Datasheets Skill

Purpose

Extract structured, machine-readable specifications from component datasheet PDFs and make them available to analyzer skills. Works on whatever PDFs are downloaded under <project>/datasheets/ (downloads are owned by distributor skills like digikey, mouser, lcsc, element14).

Scope

This skill owns:

Extraction schema — the canonical JSON structure for per-MPN specs. Versioned via EXTRACTION_VERSION in scripts/datasheet_extract_cache.py.
PDF page selection — heuristics to pick pages most likely to contain pinouts, e-chars, applications, SPICE models.
Quality scoring — weighted rubric (pin coverage, voltage ratings, application info, electrical chars, SPICE specs).
Consumer API — helpers in scripts/datasheet_features.py for other skills to query specific fields (e.g., get_regulator_features(mpn), get_mcu_features(mpn)).
Verification — consistency checks between extracted data and schematic/PCB usage.

Non-goals

No PDF downloading. That is owned by distributor skills (digikey, mouser, lcsc, element14).
No global library. Each project's extractions live in <project>/datasheets/extracted/. There is no shared cross-project cache.

Cache location

<project>/
  design.kicad_sch
  datasheets/
    TPS61023DRLR.pdf        # downloaded by distributor skills
    extracted/
      manifest.json         # extraction manifest (legacy name: index.json)
      TPS61023DRLR.json     # structured extraction (this skill's output)

Reference guides

references/extraction-schema.md — canonical schema, every field defined
references/field-extraction-guide.md — how to find each field in datasheets from common vendors (TI, ST, NXP, Espressif, Microchip)
references/quality-scoring.md — rubric details, score thresholds
references/consumer-api.md — how kicad/emc/spice/thermal consume extractions

Entry-point scripts

scripts/datasheet_extract_cache.py — cache manager, resolver, indexer
scripts/datasheet_page_selector.py — page selection heuristics
scripts/datasheet_score.py — extraction quality scoring
scripts/datasheet_verify.py — cross-check extraction vs schematic usage
scripts/datasheet_features.py — consumer helper API (new in v1.3)

Extraction workflow

User runs an analyzer or requests extraction.
This skill checks the cache (<project>/datasheets/extracted/<MPN>.json).
On cache miss / stale / low score: Claude reads selected PDF pages and extracts structured data.
Extraction is scored; if score ≥ 6.0, cached.
Consumers query via datasheet_features.py.
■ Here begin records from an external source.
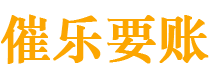 泰安催乐要账公司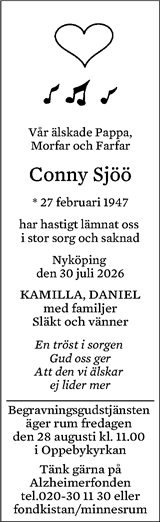 Södermanlands Nyheter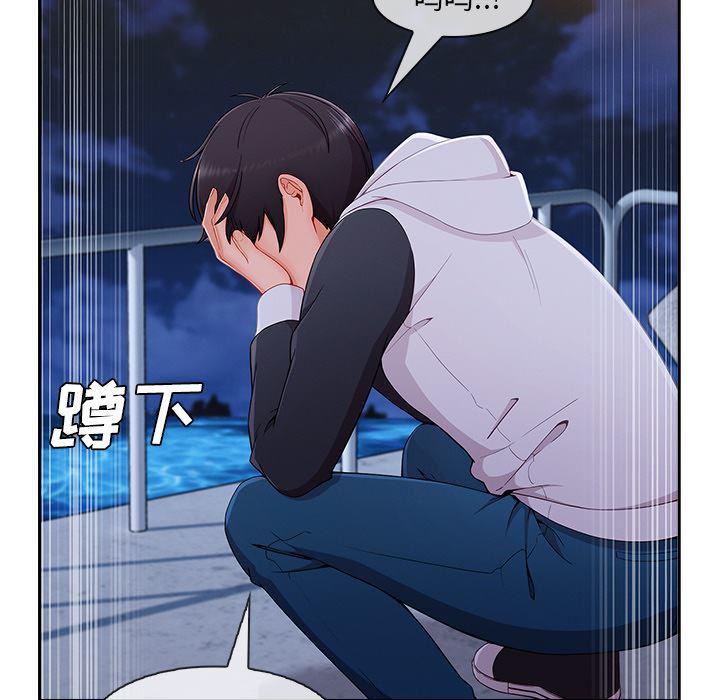 火影忍者589漫画韩漫全集-长腿姐姐：43无删减无遮挡章节图片 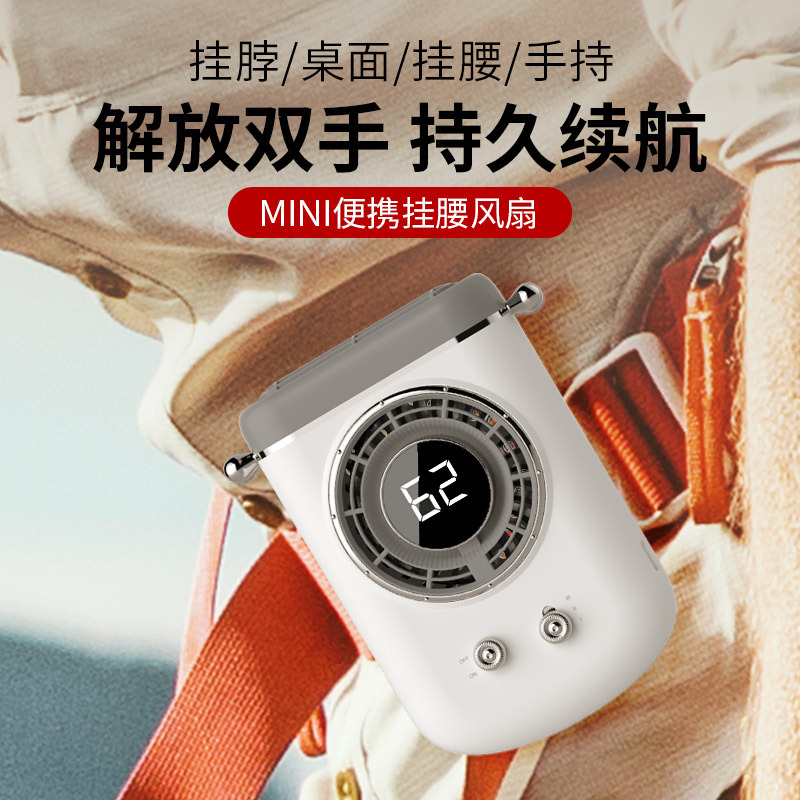 新款挂脖风扇usb充电懒人便携式小风扇学生办公运动无叶挂脖风扇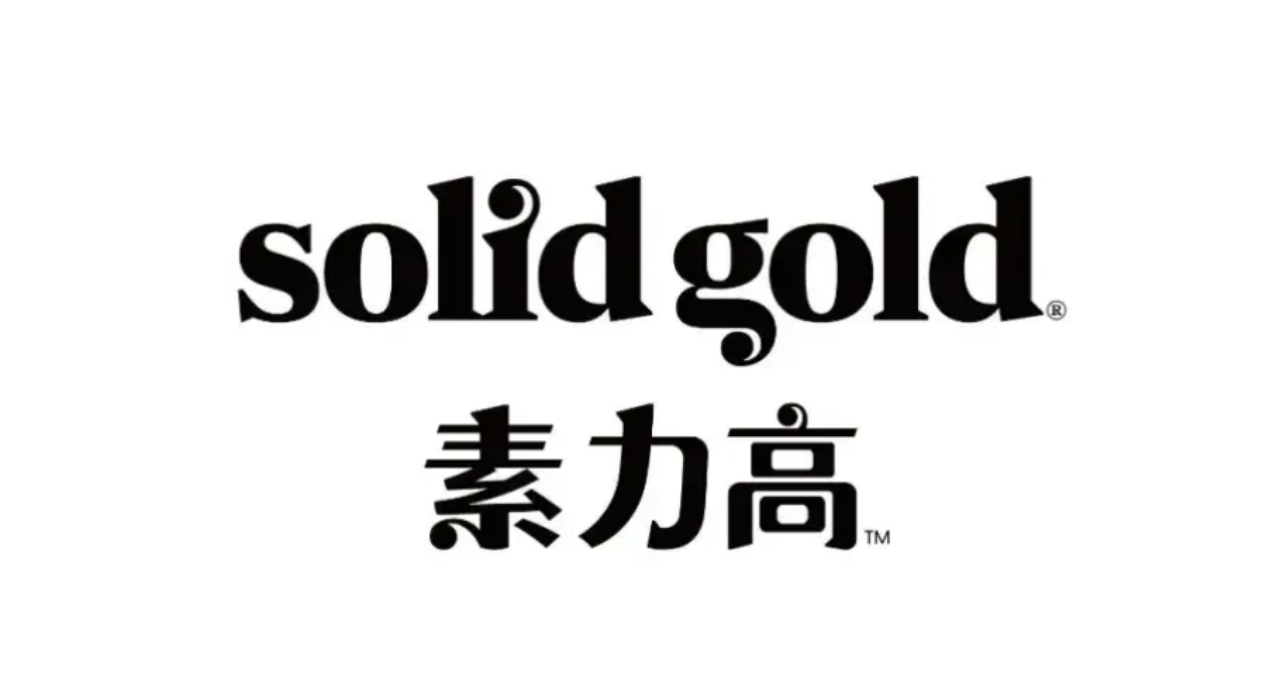 素力高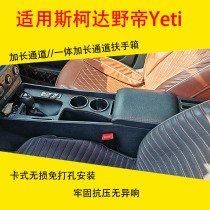 Skoda Octavia Yeti armrest box dedicated punch-free luxury channel integrated extended and heightened storage box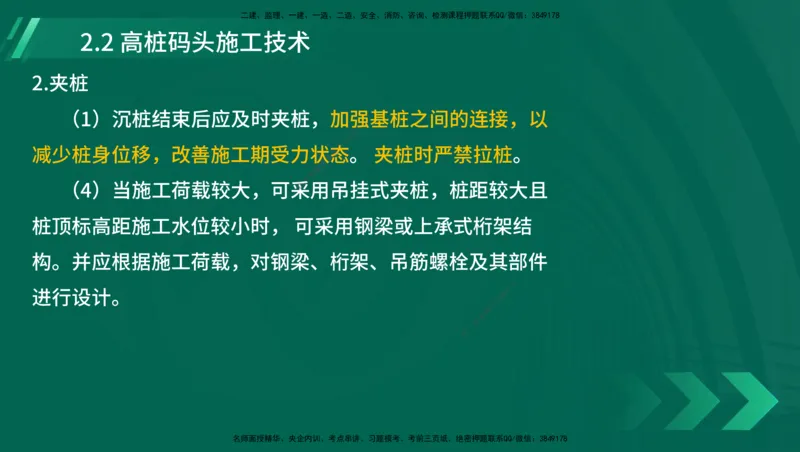 25年一建《港口实务》精讲第1章1&middot;1~1&middot;10(03)讲义在线版_2026年一级建造师_2026年一建港航_2025年一建港航SVIP_02-基础精讲✿高端面授✿深度强化_02.第1章港口与航道工程专业技术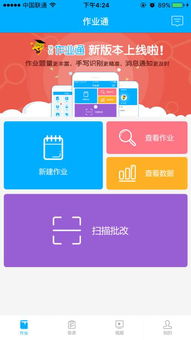学科作业通教师版网页版与电脑版V1.3.0.0下载指南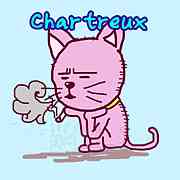 Chartreuxシャルトリュー.com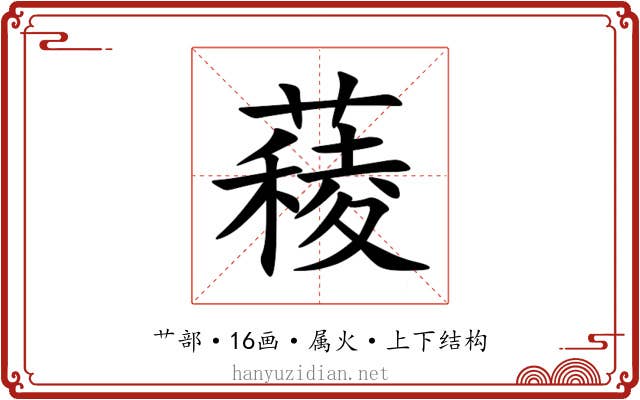 薐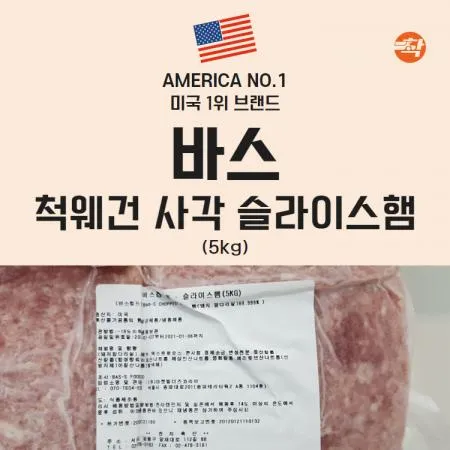 부대찌개햄 바스 업소용 찌개 슬라이스 사각 햄(5kg) 택배배송 이미지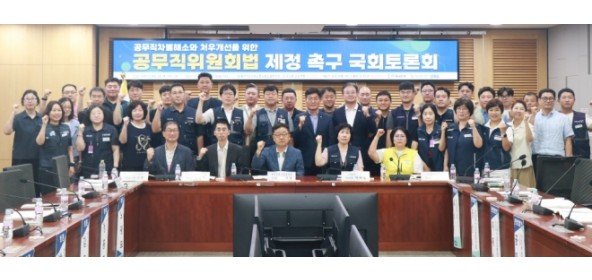 ‘공무직위원회 상설…
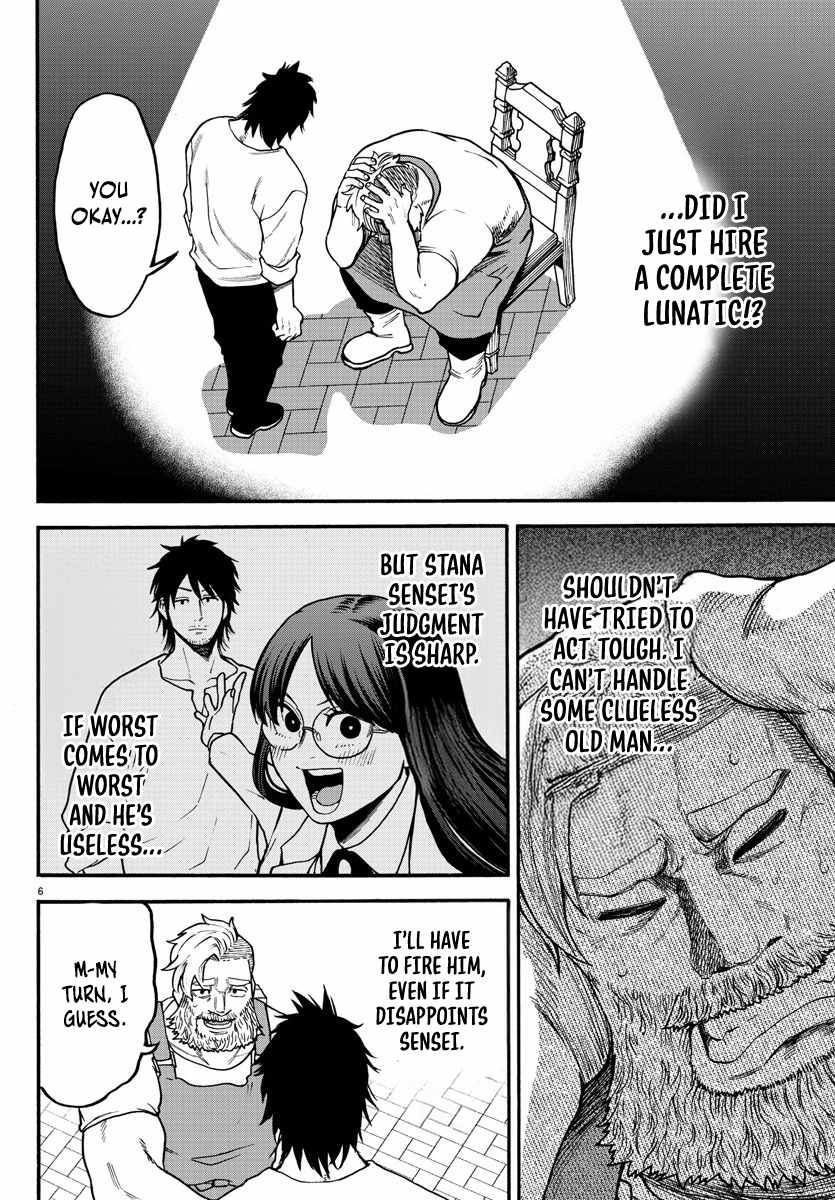 Yuusha Goroshi no Moto Ansatsusha. ~Mushoku no Ossan kara Hajimaru Second Life~ Chapter 4 - Page 6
When to trigger this skill

Immediately after downloading datasheets via sync_datasheets_digikey.py, sync_datasheets_lcsc.py, or equivalent. Without extraction, IC-aware checks (VM-001 rail voltage, PS-001 power-good, PR-004 USB, DP-002 USB speed classification) fall back to heuristics on unknown ICs.
Before running analyzers on a new project where datasheets are present but datasheets/extracted/ is empty — the analyzers won't produce the extractions themselves.
When a review flags low trust level due to missing manufacturer evidence: extracting the ICs referenced by power regulators, MCUs, and high-speed peripherals typically flips trust_level: low → mixed or high.
When a user asks for pin verification ("verify U1 pin names match datasheet") — this skill's cached extraction is the authoritative source.